Möbius
Le 28/01/2013 à 12:24Par Jonathan Butin
CRITIQUE DU FILM MOBIUS
Éric Rochant est un cinéaste rare. Sept ans après L'école pour tous, le réalisateur revient au grand écran avec un film d'espionnage réaliste au titre « Bondien » (comprenez obscur) et à l'affiche alléchante où se côtoient les noms de Jean Dujardin, Cécile De France et Tim Roth. Contrairement à ce qu'il pouvait laisser entendre, Möbius propose non pas une immersion dans l'univers déjanté des rave-parties danoises mais dans celui nettement plus austère du FSB (ex-KGB), les services secrets russes. Le film tire en fait son titre du « ruban de Möbius », une figure topologique d'anneau à une seule face, recto et verso ne faisant qu'un. Une appellation étrange qui trouvera tout son sens dans le jeu de dupes qui se joue ici. Mais Möbius se veut plus qu'un simple film d'espionnage : il lorgne vers Les Enchaînés de Hitchcock, l'un des parangons du genre mettant en scène une relation amoureuse interdite entre un agent (Cary Grant) et son informatrice (Ingrid Bergman) sur fond de traque des Nazis en Amérique du Sud. Et relation amoureuse il y a dans Möbius. C'est même le cœur du récit. Alors au menu aujourd'hui : histoire d'amour entre espions consentants dans l'univers...de la finance. Qui a dit « j'ai pas faim » ?

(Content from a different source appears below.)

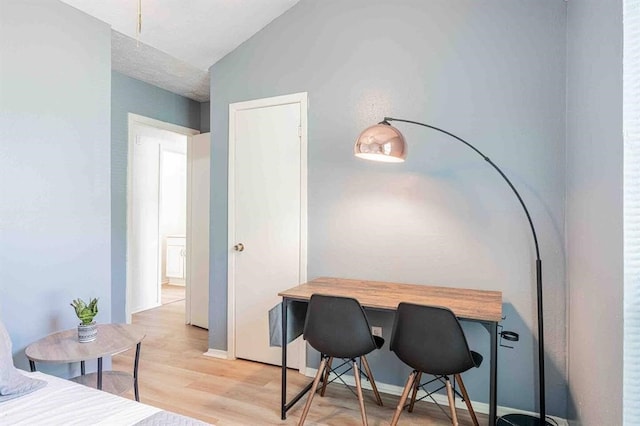 home office featuring wood finished floors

Le film s'ouvre sur un plan ahurissant de la principauté de Monaco, premier d'une longue série de prises de vue léchées d'environnements toujours luxueux. Le décors est planté, le mot d'ordre : glamour. Ce décor, c'est le quotidien d'Alice, superbe Cécile de France, tradeuse surdouée capable en un placement d'enrichir de plusieurs milliards son employeur, en provoquant, si besoin est, l'effondrement économique de pays entiers. Cet employeur, Rostovsky (Tim Roth), un oligarque russe aux affaires douteuses, intéresse le FSB qui dépêche sur place, à la tête d'une petite équipe de bleus, l'une de ses pointures, Gregory Liubov, campé par un Jean Dujardin qui a visiblement pris du galon et du muscle, arborant tatouage et barbe grisonnante pour un rendu magistral. Leur objectif est de « recruter » Alice et ainsi obtenir des informations sur son patron. Bien entendu, la mission ne va pas se dérouler comme prévu et une chose en amenant une autre, Liubov, sous le pseudonyme de Moïse, va entamer une dangereuse relation avec son « Boris » (le nom de code donné aux indics du FSB), ce qui compromet autant la mission que leur santé à tous les deux.

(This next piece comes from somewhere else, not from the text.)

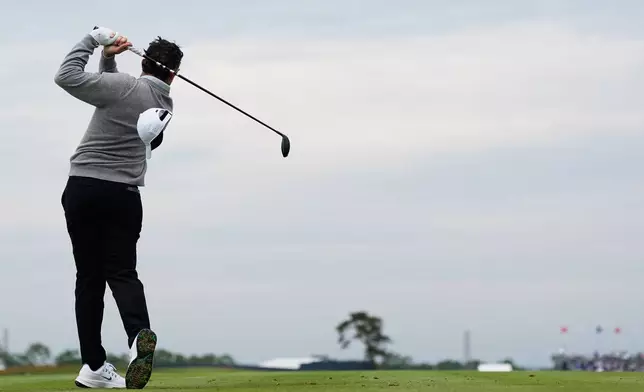 Rory McIlroy, of Northern Ireland, looses his hat in the wind on the 13th hole during the first round of the U.S. Open golf tournament at Shinnecock Hills Golf Club in Southampton, N.Y., Thursday, June 18, 2026.(AP Photo/George Walker IV)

Éric Rochant connait l'univers de l'espionnage. En 1994, il écrit et réalise Les Patriotes, film particulièrement bien documenté sur le Mossad, l'agence de renseignements israélienne, en lice pour la Palme d'Or à Cannes. Malheureusement, il ne rencontre pas le succès public mérité, d'aucuns critiquant le manque de rythme causé par la recherche constante du réalisme au prix du dynamisme. Signature corrigée mais loin d'être effacée que l'on retrouve dans une moindre mesure chez Möbius. En résulte un ennui latent qui guette le spectateur au détour de nombreuses séquence. Et malheur à qui manquerait une seule réplique de ce thriller économico-romantique. Celui-là se verrait condamné à errer dans un brouillard opaque de noms en -ov ou en -sky et de dialogues tantôt en français, tantôt en anglais, souvent en russe, jusqu'à ce que mort s'en suive...ou au moins jusqu'à la fin du film. Ce qui serait dommage tant les dialogues sont justes, drôles parfois, les acteurs parfaits, la photographie somptueuse le tout au service d'un scénario qui, faute d'être palpitant (peu de films ont réussi l'exploit de rendre la finance palpitante depuis Les Initiés en 2000), est tout de même bien ficelé.